Finding Your Cluster's Domain

To locate the domain assigned to your cluster, navigate to the Cluster Details screen in the Gardener dashboard:

  1. Open the Gardener dashboard.
  2. Select your cluster from the list.
  3. Navigate to Infrastructure.
  4. Look for Shoot Domain – this is your cluster's base domain, which you can use to create subdomains.

For example, if your Shoot Domain is my-cluster.project-id.gardener.leaf.cloud, you can create subdomains under it using an Ingress resource.

Creating a New Subdomain

You can create a new subdomain under your Gardener Shoot Domain by defining an Ingress resource.
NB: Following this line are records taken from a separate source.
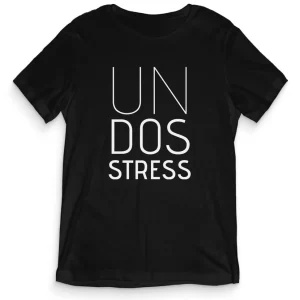 TeesBlitz tee163 –  T-Shirt Divertente – Un Dos Stress
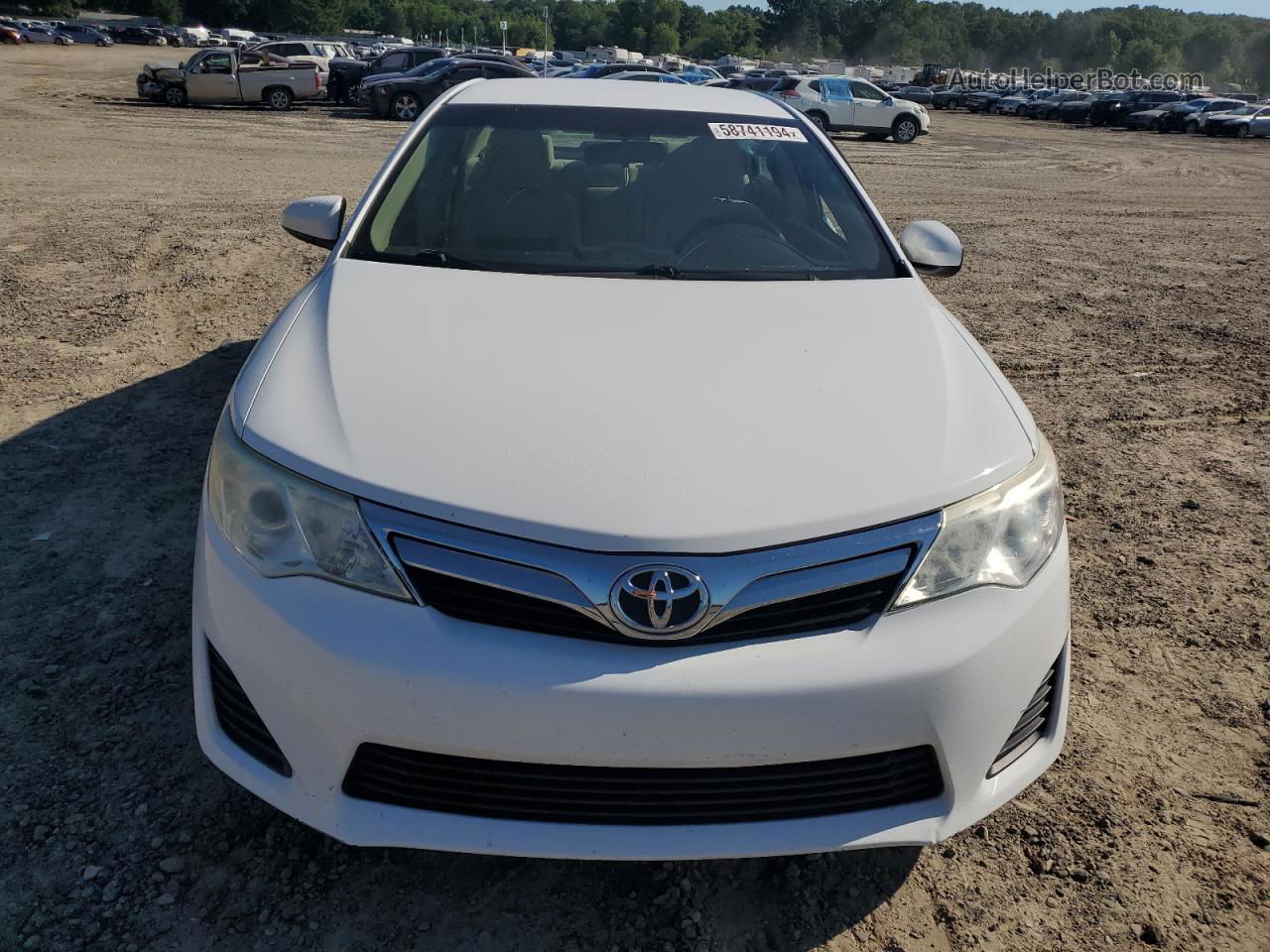 2013 Toyota Camry L White vin: 4T1BF1FK3DU217770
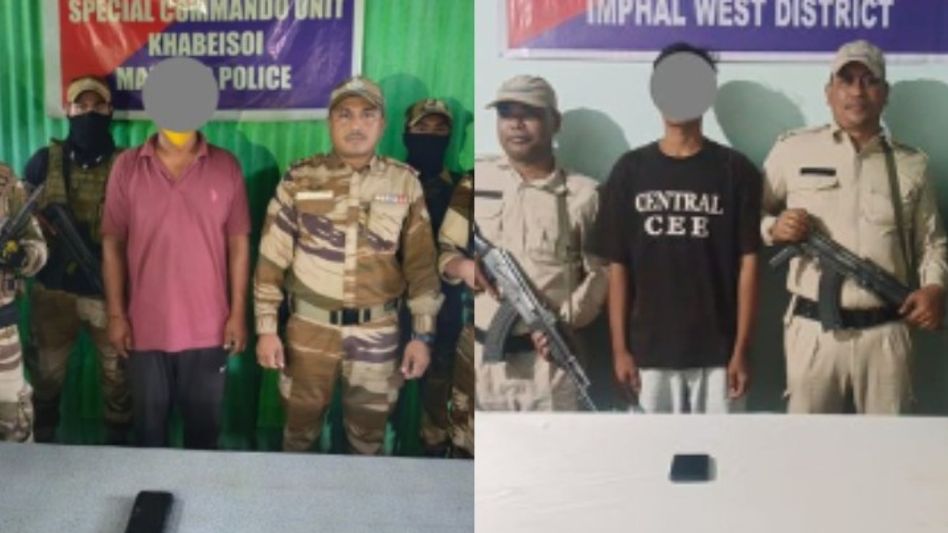Two militants arrested in Manipur for extortion, arms transportation Two militants arrested in Manipur for extortion, arms transportation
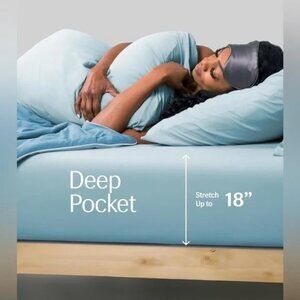 REST Evercool®+ Cooling Starter Sheet Set Light Blue NEW, Size Cali King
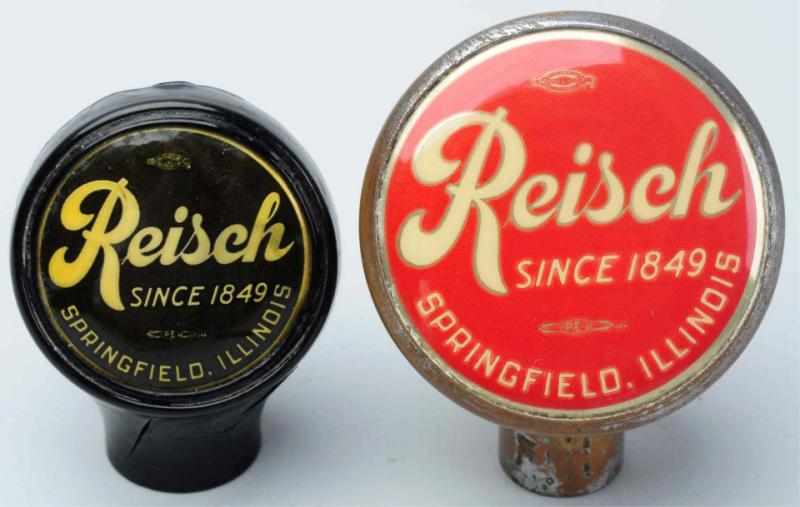 Appraisal: Lot of Reisch Beer Tap Knobs Includes one with large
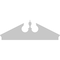 Ekena Millwork Acorn Architectural Grade PVC Combination Pediment, 68"W x 23-7/8"H x 2-3/4"P (Pitch 6/12) PEDPC068X240ACR00 - alternate 3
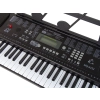 Keyboard Z Mikrofonem Instrument Muzyczny Czarny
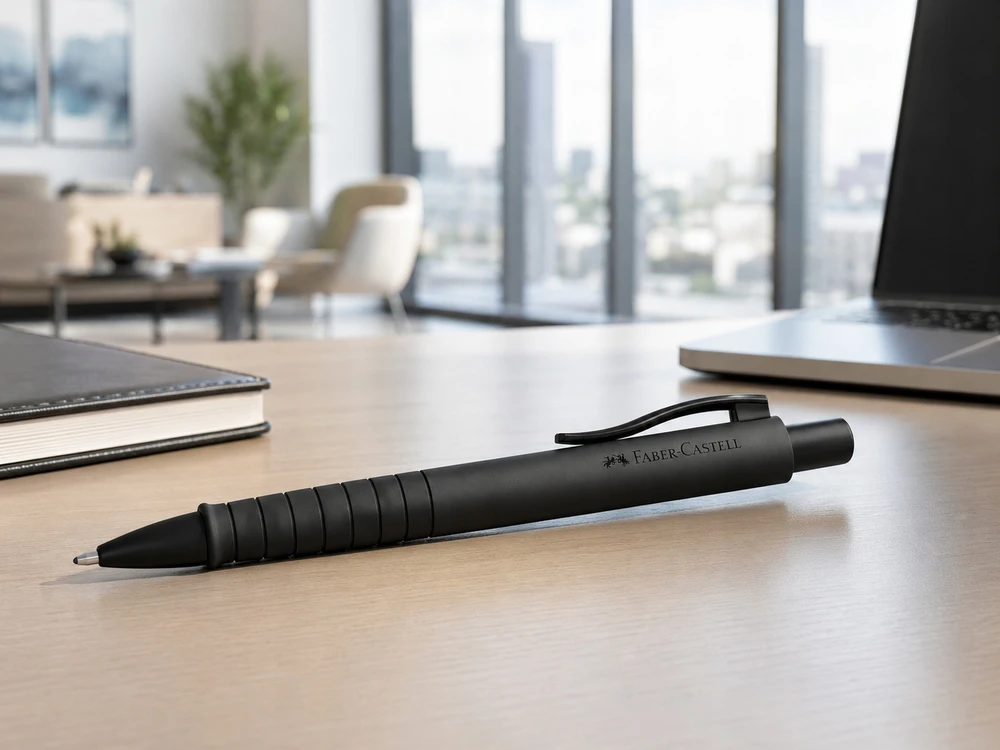 Automatinis tušinukas Faber-Castell, PolyBall, XB, 0.6mm, juodos spalvos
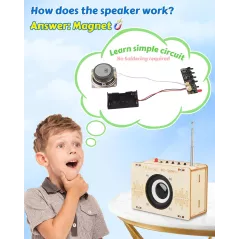 Kit Radio FM DIY Poraxy: LExpérience Scientifique STEM Amusante pour Enfants (8-16 ans)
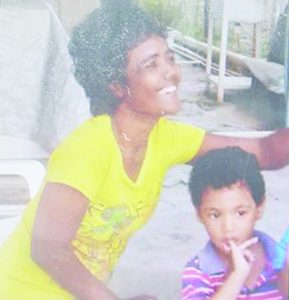 Murdered: Vanessa Persaud and her son Joel Ganesh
The following example creates an Ingress for custom-url.my-cluster.project-id.gardener.leaf.cloud:

Example Ingress YAML

apiVersion: networking.k8s.io/v1
kind: Ingress
metadata:
  name: test
  namespace: test
  annotations:
    cert-manager.io/cluster-issuer: letsencrypt-prod
    nginx.ingress.kubernetes.io/rewrite-target: /
    dns.gardener.cloud/dnsnames: custom-url.my-cluster.project-id.gardener.leaf.cloud
    dns.gardener.cloud/ttl: "600"
    dns.gardener.cloud/class: garden
spec:
  ingressClassName: nginx
  rules:
  - host: custom-url.my-cluster.project-id.gardener.leaf.cloud
    http:
      paths:
      - path: /
        pathType: Prefix
        backend:
          service:
            name: nginx
            port:
              number: 80
  tls:
  - hosts:
    - custom-url.my-cluster.project-id.gardener.leaf.cloud
    secretName: test-ingress-tls

Explanation of Key Fields

Field Description
dns.gardener.cloud/dnsnames Defines the DNS name that will be created within the Gardener-managed DNS zone.
dns.gardener.cloud/ttl Sets the Time-to-Live (TTL) value for the DNS entry (e.g., 600 seconds).
dns.gardener.cloud/class Specifies the DNS management class as garden.
cert-manager.io/cluster-issuer Uses Let's Encrypt for automatic TLS certificate provisioning.
rules.host Defines the hostname for the Ingress resource.
tls Configures TLS for secure HTTPS access, with a corresponding secretName for the certificate.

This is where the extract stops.